» **Captioned web image data**
------------------------------------------------------------
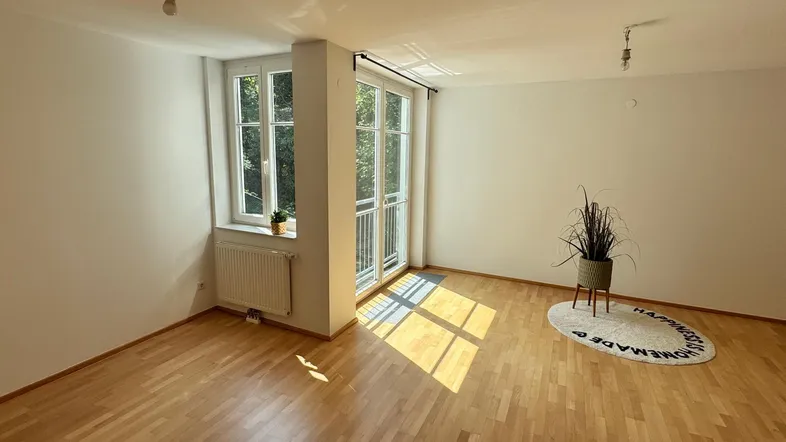 Helles Zimmer mit Parkettboden, weißen Wänden und Zugang zu einem französischen Balkon.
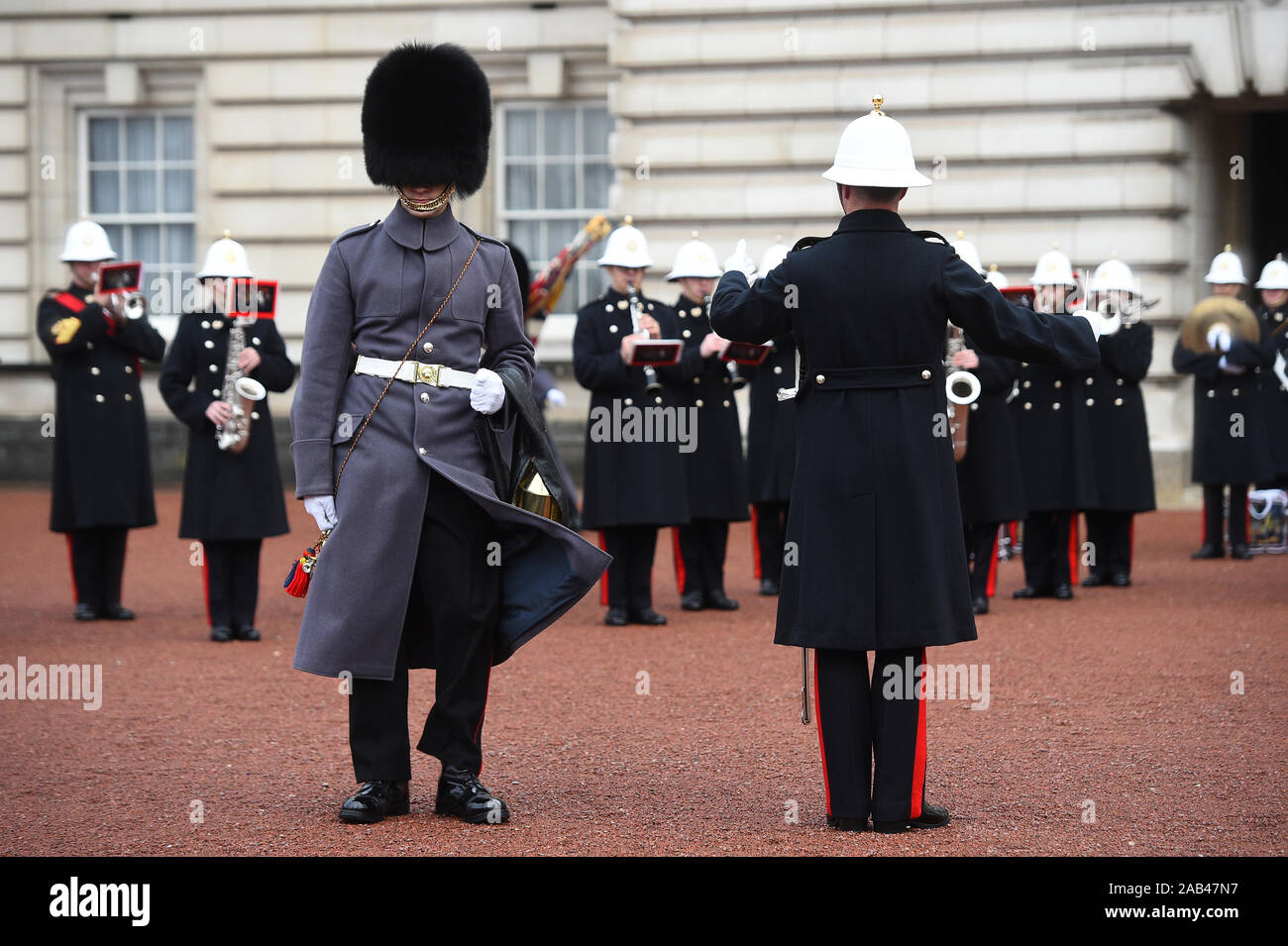 A Royal Navy officer (right) alongside a guardsman, as sailors from the Royal Navy perform the Changing of the Guard ceremony at Buckingham Palace, London, for the second time in its 357-year history. Stock Photo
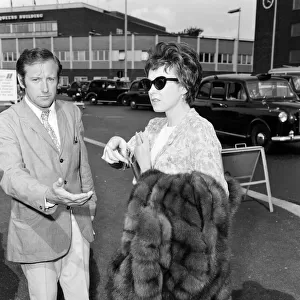 Actress Shirley MacLaine arrives at Heathrow Airport to fly to Nice. 13th May 1967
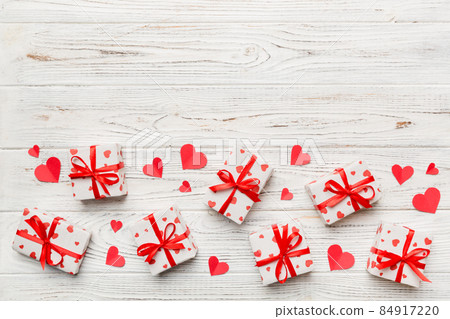 Valentine day composition: red gift box with bow and heart. Christmas present. View from above. Space for text. Holday greeting card Valentine day composition: red gift box with bow and heart. Christmas present. View from above. Space for text. Holday greeting card 84917220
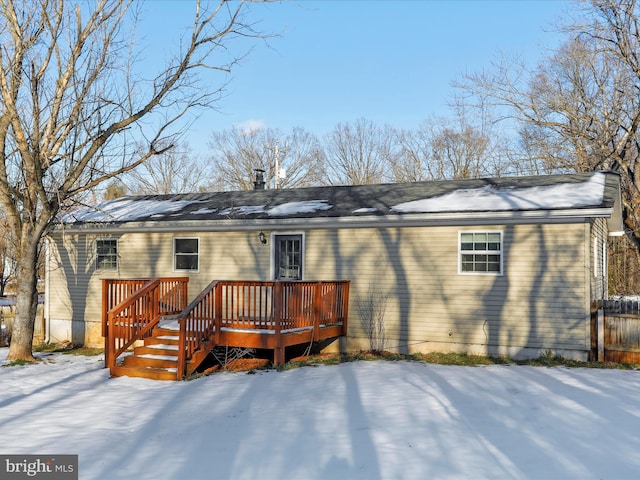 snow covered house with a deck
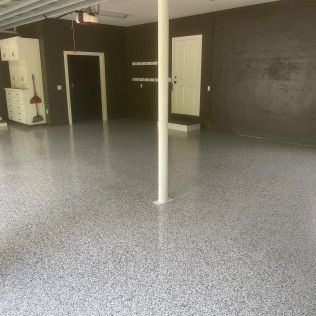 A garage with a gray floor and black walls.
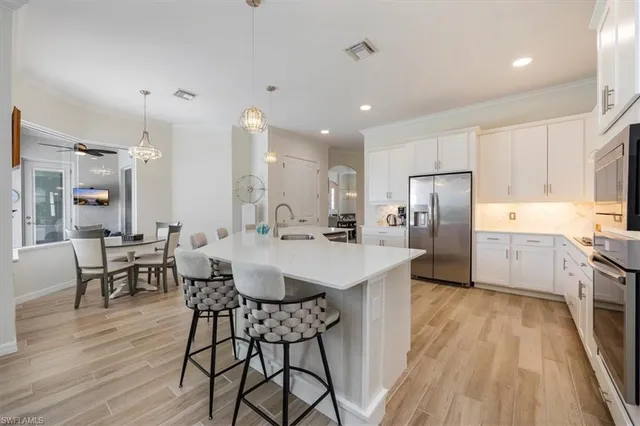 a kitchen with stainless steel appliances a dining table chairs stove refrigerator and cabinets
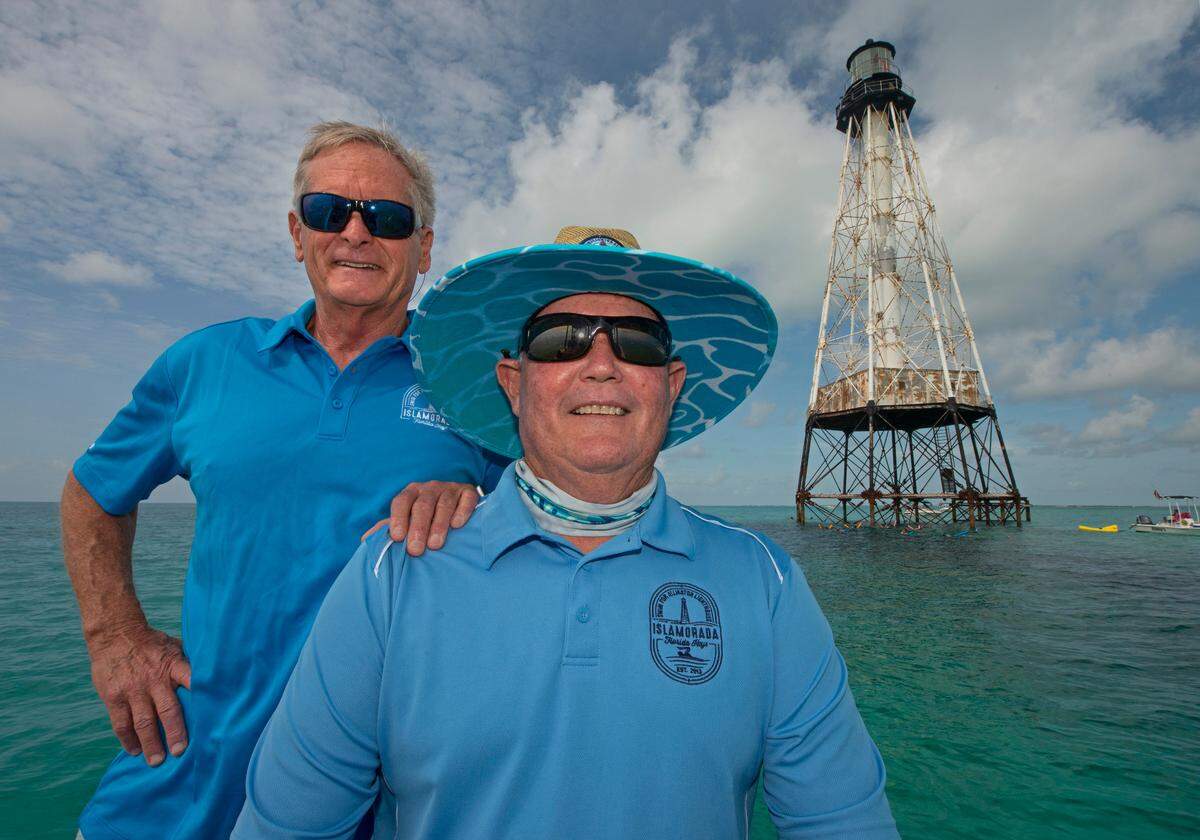 Rob Dixon, left, and Larry Herlth, right, pose near Alligator Reef Lighthouse Tuesday, Sept. 7, 2021, about four miles off of Islamorada, Fla., in the Florida Keys National Marine Sanctuary. Dixon and Herlth are part of the Islamorada-based nonprofit organization Friends of the Pool, Inc., who announced Tuesday that U.S. Secretary of Interior Deb Haaland approved a recommendation from the National Park Service that the organization be granted ownership of the lighthouse under the National Historic Lighthouse Preservation Act. Friends of the Pool hopes to raise about $9 million to preserve the almost 150-year-old structure.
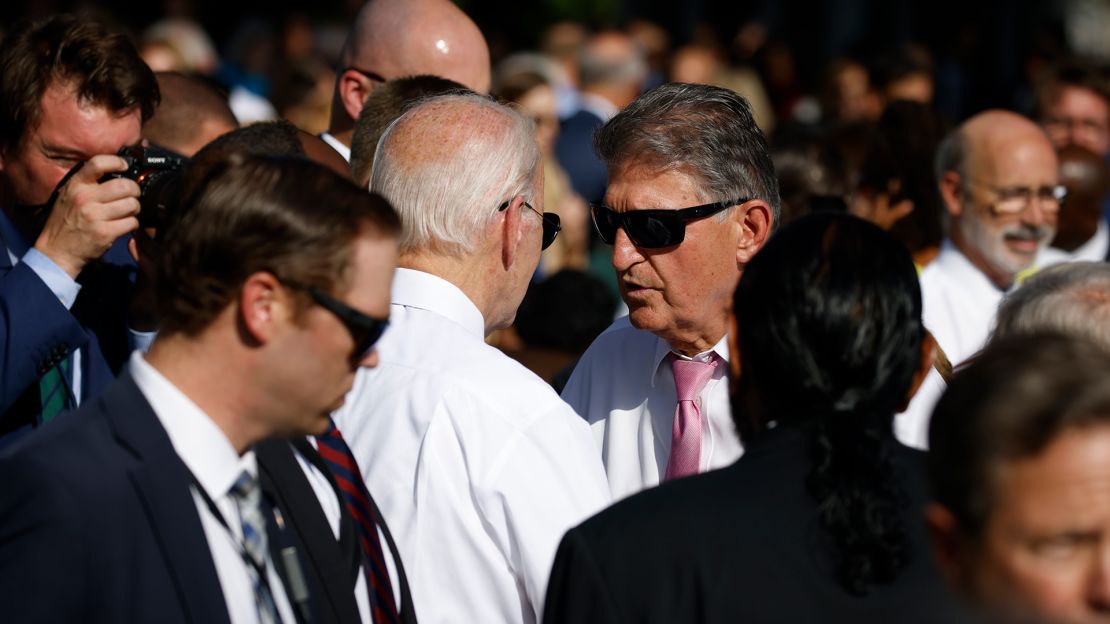 Biden speaks to Manchin during an Inflation Reduction Act event on the South Lawn of the White House in September 2022.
------------------------------------------------------------
» **What you should do**
Copy out the data above exactly, except the pictures.

» **Answer space**
 Helles Zimmer mit Parkettboden, weißen Wänden und Zugang zu einem französischen Balkon.
 A Royal Navy officer (right) alongside a guardsman, as sailors from the Royal Navy perform the Changing of the Guard ceremony at Buckingham Palace, London, for the second time in its 357-year history. Stock Photo
 Actress Shirley MacLaine arrives at Heathrow Airport to fly to Nice. 13th May 1967
 Valentine day composition: red gift box with bow and heart. Christmas present. View from above. Space for text. Holday greeting card Valentine day composition: red gift box with bow and heart. Christmas present. View from above. Space for text. Holday greeting card 84917220
 snow covered house with a deck
 A garage with a gray floor and black walls.
 a kitchen with stainless steel appliances a dining table chairs stove refrigerator and cabinets
 Rob Dixon, left, and Larry Herlth, right, pose near Alligator Reef Lighthouse Tuesday, Sept. 7, 2021, about four miles off of Islamorada, Fla., in the Florida Keys National Marine Sanctuary. Dixon and Herlth are part of the Islamorada-based nonprofit organization Friends of the Pool, Inc., who announced Tuesday that U.S. Secretary of Interior Deb Haaland approved a recommendation from the National Park Service that the organization be granted ownership of the lighthouse under the National Historic Lighthouse Preservation Act. Friends of the Pool hopes to raise about $9 million to preserve the almost 150-year-old structure.
 Biden speaks to Manchin during an Inflation Reduction Act event on the South Lawn of the White House in September 2022.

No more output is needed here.